BRIEF:
Where does the word "Black" occur in the data below? Copy each line that holds it.
--- TASK MATERIAL Enclosed Below ---
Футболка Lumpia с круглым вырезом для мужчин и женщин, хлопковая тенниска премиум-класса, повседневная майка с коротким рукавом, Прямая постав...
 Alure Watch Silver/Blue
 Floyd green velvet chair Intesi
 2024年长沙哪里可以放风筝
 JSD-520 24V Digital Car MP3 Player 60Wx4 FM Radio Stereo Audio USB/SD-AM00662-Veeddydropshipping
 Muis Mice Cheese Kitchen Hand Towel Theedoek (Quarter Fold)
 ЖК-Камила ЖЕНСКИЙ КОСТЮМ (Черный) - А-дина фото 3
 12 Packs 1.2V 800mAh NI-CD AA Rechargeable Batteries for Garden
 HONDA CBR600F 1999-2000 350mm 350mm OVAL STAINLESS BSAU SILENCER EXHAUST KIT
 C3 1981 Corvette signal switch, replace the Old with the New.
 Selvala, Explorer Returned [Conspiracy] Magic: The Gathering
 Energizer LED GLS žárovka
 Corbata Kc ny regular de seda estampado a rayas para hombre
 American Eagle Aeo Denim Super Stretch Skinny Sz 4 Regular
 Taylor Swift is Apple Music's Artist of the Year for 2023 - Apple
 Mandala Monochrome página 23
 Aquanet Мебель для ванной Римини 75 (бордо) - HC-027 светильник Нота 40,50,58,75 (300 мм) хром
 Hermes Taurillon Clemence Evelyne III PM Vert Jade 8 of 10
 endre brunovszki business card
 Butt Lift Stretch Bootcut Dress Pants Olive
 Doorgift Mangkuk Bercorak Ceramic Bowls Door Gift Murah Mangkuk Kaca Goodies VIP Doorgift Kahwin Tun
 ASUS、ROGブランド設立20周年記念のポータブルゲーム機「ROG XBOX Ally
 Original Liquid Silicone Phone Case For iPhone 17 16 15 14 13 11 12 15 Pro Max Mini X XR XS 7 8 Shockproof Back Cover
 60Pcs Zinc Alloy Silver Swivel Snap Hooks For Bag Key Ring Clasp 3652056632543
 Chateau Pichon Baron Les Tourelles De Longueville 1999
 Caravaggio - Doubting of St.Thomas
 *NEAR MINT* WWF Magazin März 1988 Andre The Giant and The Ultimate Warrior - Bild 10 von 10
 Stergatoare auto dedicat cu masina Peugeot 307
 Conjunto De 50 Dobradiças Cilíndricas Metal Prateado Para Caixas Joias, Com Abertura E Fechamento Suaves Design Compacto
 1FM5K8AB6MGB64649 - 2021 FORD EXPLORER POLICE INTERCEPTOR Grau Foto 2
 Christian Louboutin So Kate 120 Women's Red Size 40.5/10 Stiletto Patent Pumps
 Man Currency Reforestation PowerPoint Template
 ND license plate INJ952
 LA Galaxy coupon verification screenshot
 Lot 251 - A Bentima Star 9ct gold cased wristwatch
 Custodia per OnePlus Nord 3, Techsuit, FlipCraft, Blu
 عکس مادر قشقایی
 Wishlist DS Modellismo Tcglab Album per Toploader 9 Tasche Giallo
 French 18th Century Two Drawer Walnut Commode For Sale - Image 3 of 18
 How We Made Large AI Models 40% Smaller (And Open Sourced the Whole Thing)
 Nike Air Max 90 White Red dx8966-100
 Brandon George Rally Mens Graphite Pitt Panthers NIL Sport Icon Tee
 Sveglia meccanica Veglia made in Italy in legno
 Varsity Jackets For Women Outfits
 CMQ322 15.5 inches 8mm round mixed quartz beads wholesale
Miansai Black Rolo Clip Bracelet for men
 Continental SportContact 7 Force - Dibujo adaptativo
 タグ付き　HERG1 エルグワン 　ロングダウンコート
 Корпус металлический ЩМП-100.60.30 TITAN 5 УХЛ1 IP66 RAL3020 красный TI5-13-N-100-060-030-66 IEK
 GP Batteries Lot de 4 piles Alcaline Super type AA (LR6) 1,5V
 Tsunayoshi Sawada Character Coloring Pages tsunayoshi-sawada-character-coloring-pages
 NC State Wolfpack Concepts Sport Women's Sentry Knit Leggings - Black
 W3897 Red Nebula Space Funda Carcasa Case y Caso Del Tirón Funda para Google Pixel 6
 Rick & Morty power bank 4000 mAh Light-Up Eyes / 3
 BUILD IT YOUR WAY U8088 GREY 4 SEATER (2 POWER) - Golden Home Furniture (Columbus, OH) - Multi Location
--- End of Enclosed TASK MATERIAL ---
YOUR RESPONSE:
Miansai Black Rolo Clip Bracelet for men
 NC State Wolfpack Concepts Sport Women's Sentry Knit Leggings - Black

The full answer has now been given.